If we don't have such an X available, then it doesn't matter what defining characteristic we use to determine the target group for CEV extrapolation, because we can't extrapolate CEV from them anyway.
If we do have such an X available, then it doesn't matter what lines are clear and bright enough for minds like mine to reliably work with; what matters is what lines are clear and bright enough for systems like X to reliably work with.
I have confidence < .1 that either one of us can articulate a specification determining who is human that doesn't either include or exclude some system that someone included in that specification would contest the inclusion/exclusion of.

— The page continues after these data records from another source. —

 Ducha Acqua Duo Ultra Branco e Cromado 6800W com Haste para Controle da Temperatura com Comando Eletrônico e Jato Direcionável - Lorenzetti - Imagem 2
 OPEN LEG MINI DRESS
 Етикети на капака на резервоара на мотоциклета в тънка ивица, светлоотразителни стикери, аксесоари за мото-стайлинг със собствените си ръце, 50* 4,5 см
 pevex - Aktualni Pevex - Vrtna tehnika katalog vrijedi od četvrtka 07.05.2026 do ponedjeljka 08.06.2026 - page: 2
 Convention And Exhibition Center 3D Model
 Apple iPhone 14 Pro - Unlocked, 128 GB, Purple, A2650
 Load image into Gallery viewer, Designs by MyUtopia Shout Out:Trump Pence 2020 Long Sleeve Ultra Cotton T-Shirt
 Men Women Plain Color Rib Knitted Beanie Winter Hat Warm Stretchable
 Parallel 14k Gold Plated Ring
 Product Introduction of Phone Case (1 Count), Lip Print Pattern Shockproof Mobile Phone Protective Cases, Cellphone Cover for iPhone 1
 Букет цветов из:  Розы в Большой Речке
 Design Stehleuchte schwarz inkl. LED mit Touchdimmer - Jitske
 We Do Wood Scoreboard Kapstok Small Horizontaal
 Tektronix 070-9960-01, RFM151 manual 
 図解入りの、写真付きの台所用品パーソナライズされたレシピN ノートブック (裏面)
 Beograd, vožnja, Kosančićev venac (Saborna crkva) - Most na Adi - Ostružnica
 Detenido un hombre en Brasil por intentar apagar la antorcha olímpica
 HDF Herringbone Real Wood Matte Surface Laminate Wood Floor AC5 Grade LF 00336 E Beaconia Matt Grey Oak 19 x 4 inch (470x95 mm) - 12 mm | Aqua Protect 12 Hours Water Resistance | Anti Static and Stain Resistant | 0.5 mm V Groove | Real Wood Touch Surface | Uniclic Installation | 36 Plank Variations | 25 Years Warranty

I also have confidence < .1 that, using any definition of "human" you care to specify, the universe contains no nonhuman systems I would possibly want to cooperate with.
Sure, but so does your "include all humans" suggestion. We're both assuming that there's some way the AI-development team can convincingly commit to a policy P such that other people's decisions to cooperate will plausibly be based on the belief that P will actually be implemented when the time comes; we are neither of us specifying how that is actually supposed to work. Merely saying "I'll include all of humanity" isn't good enough to ensure cooperation if nobody believes me.
I have confidence that, given a mechanism for getting from someone saying "I'll include all of humanity" to everyone cooperating, I can work out a way to use the same mechanism to get from someone saying "I'll include the Advisory Board, which includes anyone with enough power that I care whether they cooperate or not" to everyone I care about cooperating.
I said: "Then anyone with enough political clout to get in my way, I add to the Advisory Board." That seems to me as well-defined a process as "I decide to include every human being."
Certainly.
Can you say again which problem you're referring to here? I've lost track.
Absolutely agreed.
Consider the implications of that, though.
Suppose you have a CEV-extractor and we're the only two people in the world, just for simplicity.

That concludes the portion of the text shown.